Early in its life, the eastern half of the building was occupied by a tin shop according to Noonan's research publication of 1976, Yreka's West Miner Street Buildings, Blocks 200 - 300, 1851 - 1900. The west half of the building was known as the Winckler Building and the east half as the Witherill building. Adolph Winckler operated a grocery and general merchandise store here in the 1860s. In June of 1871 an advertisement appears in the Yreka Journal notifying that a "Brick Store is For Sale". The ad reads: "The large and centrally located brick store, on the south side of Miner Street, between Turnverein Hall and Winckler's store, will be sold at a bargain." [Referring to the Witherill building portion.] Another notice in the newspaper in 1877 speaks to the upgrading in the Witherill building and local builder E. Ranous was installing new shelves!

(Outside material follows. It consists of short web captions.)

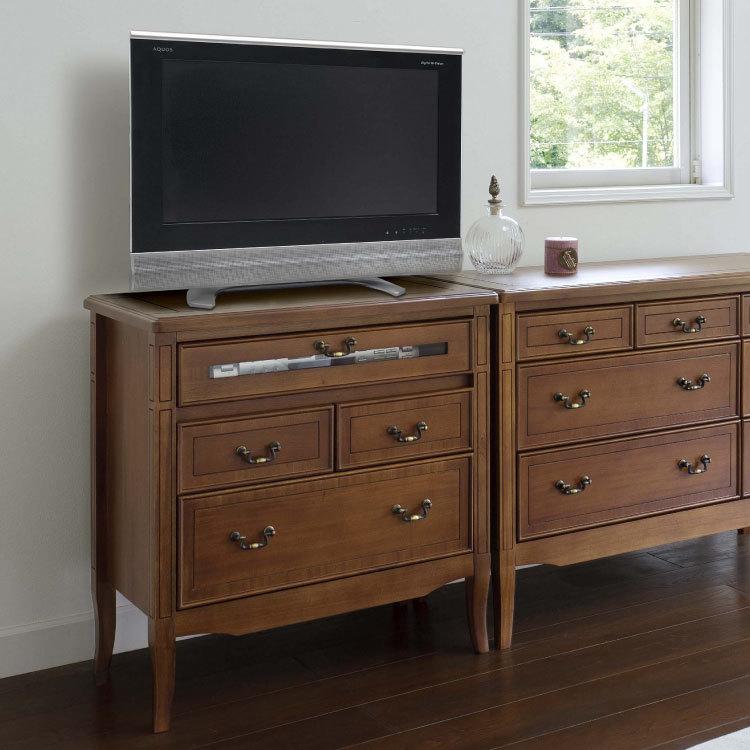 テレビボード TV台 ハイタイプ 幅70cm アンティーク風 チェスト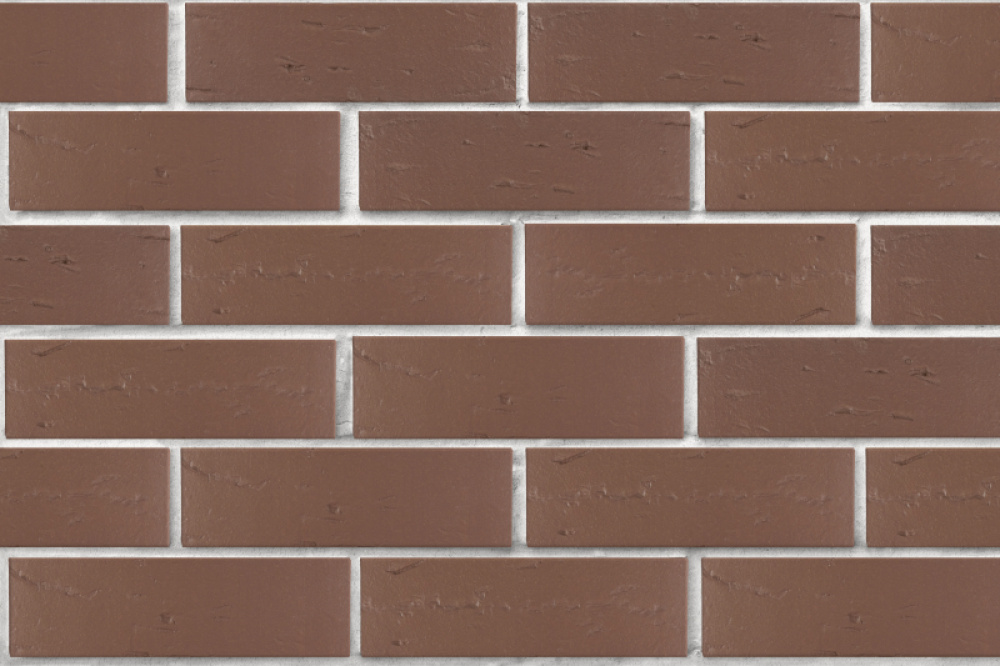 Кирпич облицовочный ЛСР темно-коричневый рустик, утолщенные стенки, М175, 250*120*65 мм
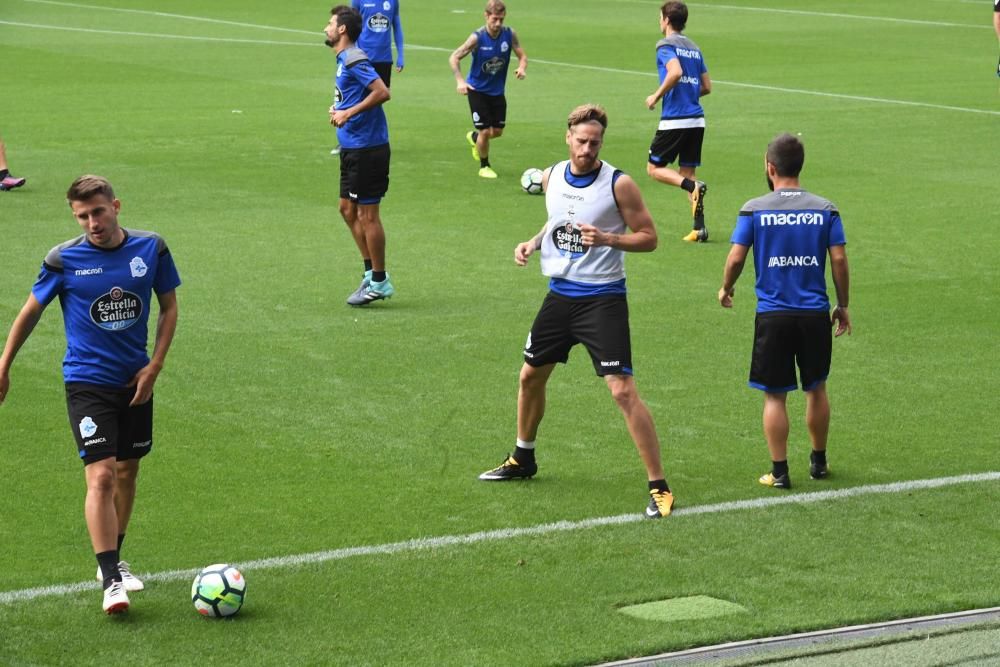 Último entrenamiento del Dépor antes del Madrid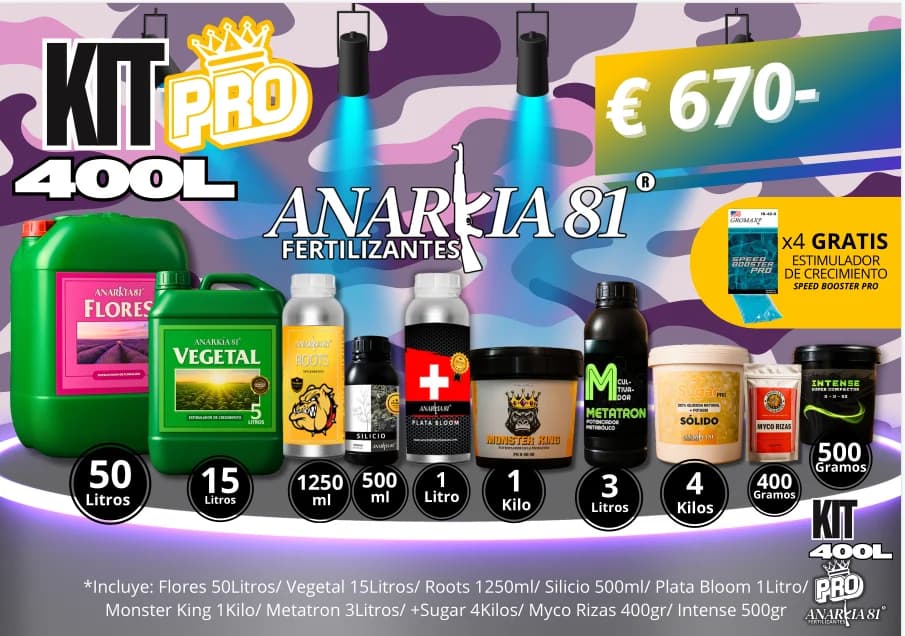 KIT PRO 400 LITROS - Anarkia81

It was in 1883 the building became the location of the Yreka-Journal Weekly Newspaper. The older image above shows the Journal there when the image was taken around 1905. The newspaper served at this location until about 1915 when the Siskiyou News bought the building. The News utilized this space until 1941. Following that the building served many variety of businesses and even as a warehouse for a time.
Fortunately this building did not suffer much damage during the great 1871 fire that ravaged most of the business district, according to records the loss because of the fire was only $100.
The image with the Coca-Cola sign is a view of how the building appears today.